Embora não tenha uma posição totalmente definida, acessoriamente admito a hipótese de criação de uma polícia municipal que, não tendo como função principal combater a criminalidade, desempenhará um papel importante na garantia da segurança das pessoas e bens, tal como na protecção das linhas de água e da floresta. A segurança é fundamental para a qualidade de vida das populações, por isso defendo a tolerância zero nesta matéria.
SR – O que é que quer dizer quando se afirma como um candidato de centro-esquerda?
JBV – A política deve ser feita com total isenção e transparência, sem qualquer promiscuidade com os interesses empresariais. Não sei se este é um conceito de esquerda ou de direita, o que sei é que se trata de um conceito de política em democracia. É com inquietação que vejo os partidos que se intitulam de esquerda, em Palmela, nomeadamente o PS e a CDU, tenham laços tão intensos e, eventualmente, tão perigosos com os interesses empresariais ligados à construção civil. Em Palmela, vejo a esquerda como um elemento conservador e que não é totalmente isento. É paradoxal, mas muitas vezes tenho visto o PS e a CDU a submetem-se aos interesses empresariais em detrimento do bem público. E isso comigo não acontecerá. Vou proteger e dinamizar os empresários de Palmela, mas vou negociar com eles soluções que comprometam o futuro do concelho.

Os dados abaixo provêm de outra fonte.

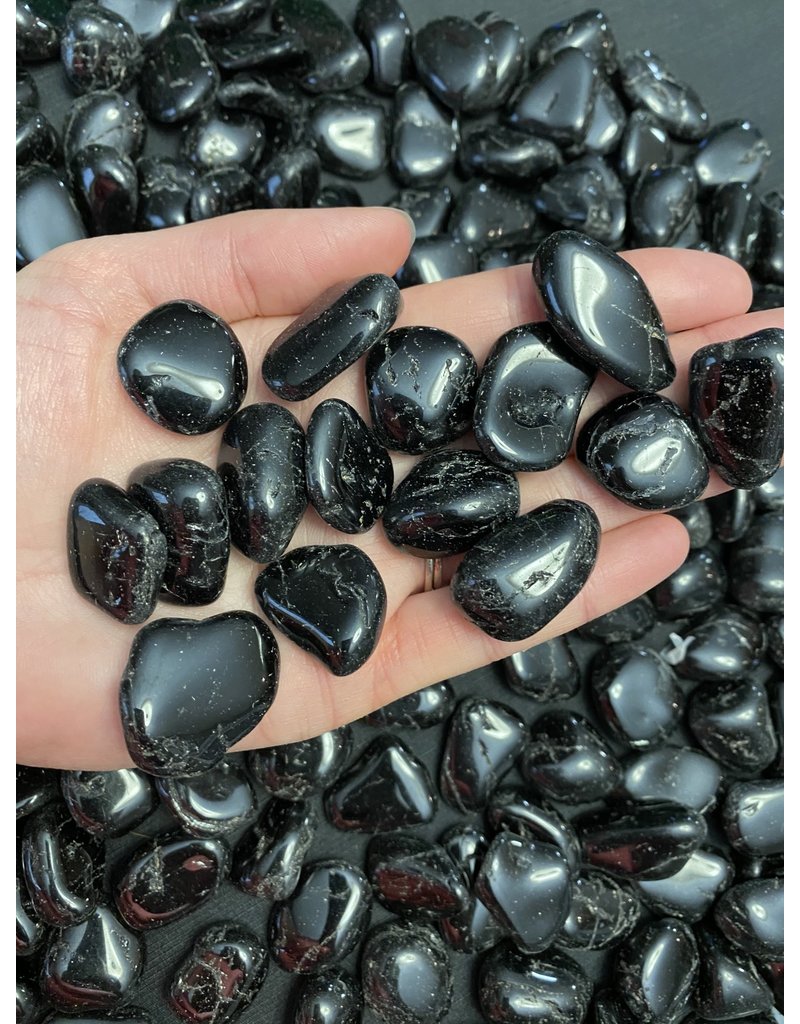 Black Tourmaline Tumbled Stones, Polished Black Tourmaline, Grade A; 3  sizes available, purchase individual or bulk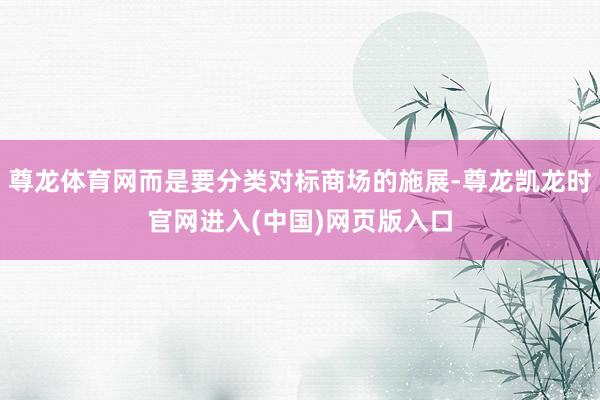 尊龙体育网而是要分类对标商场的施展-尊龙凯龙时官网进入(中国)网页版入口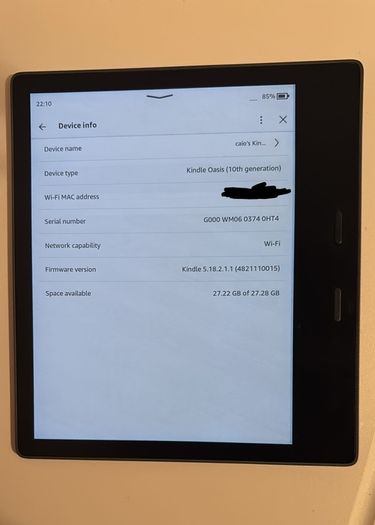 Kindle Oasis 10th Generation 32 GB Excellent Condition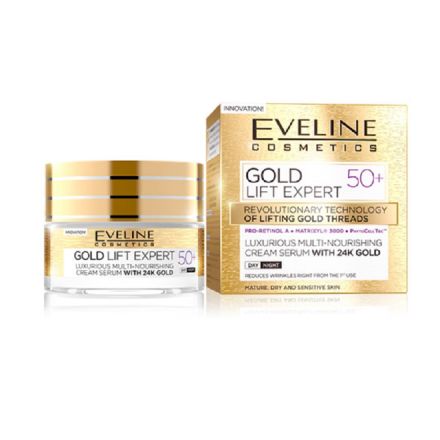 EVELIN GOLD LIFT EXPERT 50+ Дневен/нощен крем, 50 мл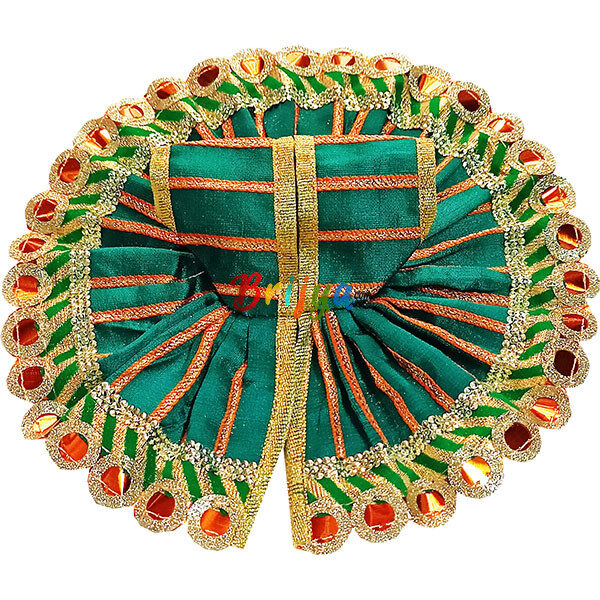 GD24-G Green Colour Golden Layning Ladoo Gopal Dress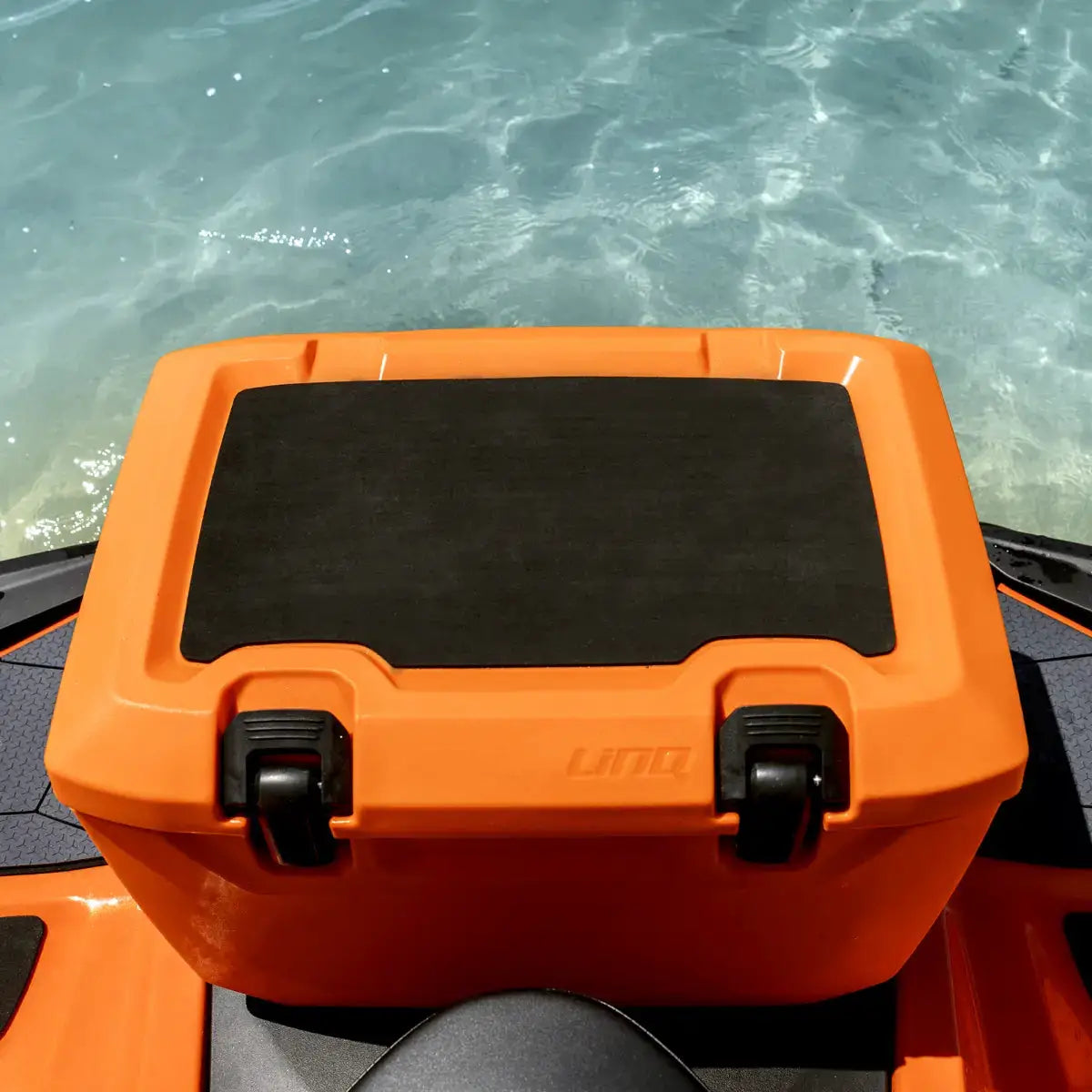 Sea-Doo LinQ 5.3 US gal Limited Edition Race Orange fuel tank accessory with black non-slip lid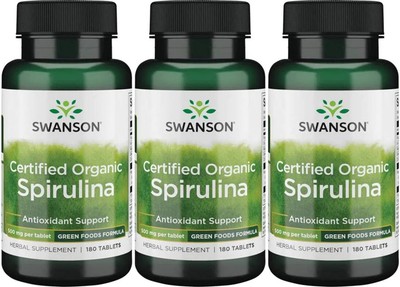 Swanson Certified Organic Spirulina 500MG 3X180 Veg Tabs Cardiovascular Health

Outro aspecto comum à CDU e ao PS é que ambos vêem a política municipal como uma política ligada à festa e ao folguedo. Acho muito importante esta componente mas a política municipal não pode esgotar-se aqui. Todos os dias há inaugurações e festas no concelho e, com isso, constrói-se uma democracia local anestesiada. Neste concelho vive-se hoje da inauguração, da fachada e da festa, e não se vive numa política séria voltada para as pessoas. Se esta minha posição é uma emanação do meu temperamento político ligado ao centro-esquerda, sinto-me orgulhoso disso; se é apenas a reacção de um cidadão em protesto contra este estado de coisas, também tenho muito orgulho porque, como cidadão, quero mexer-me e procurar romper com este sistema.
SR – Receia que a situação que descreve seja responsável pelos níveis de abstenção em Palmela?
JBV – Esse poder ser um dos aspectos determinantes. Em vários países da Europa, a taxa de abstenção nas eleições autárquicas é menor do que nas legislativas e, ao mesmo tempo, nestas eleições a taxa é menor do que nas europeias. Isto pode ser uma perversão total das coisas mas, no estado actual de integração europeia, admito que este fenómeno tenha alguma razão de ser. Admito que, vendo o seus interesses em causa nestas eleições, os cidadãos possam mobilizar-se para votar. Infelizmente, há muita gente que hoje reside em Palmela e que ainda não está recenseada.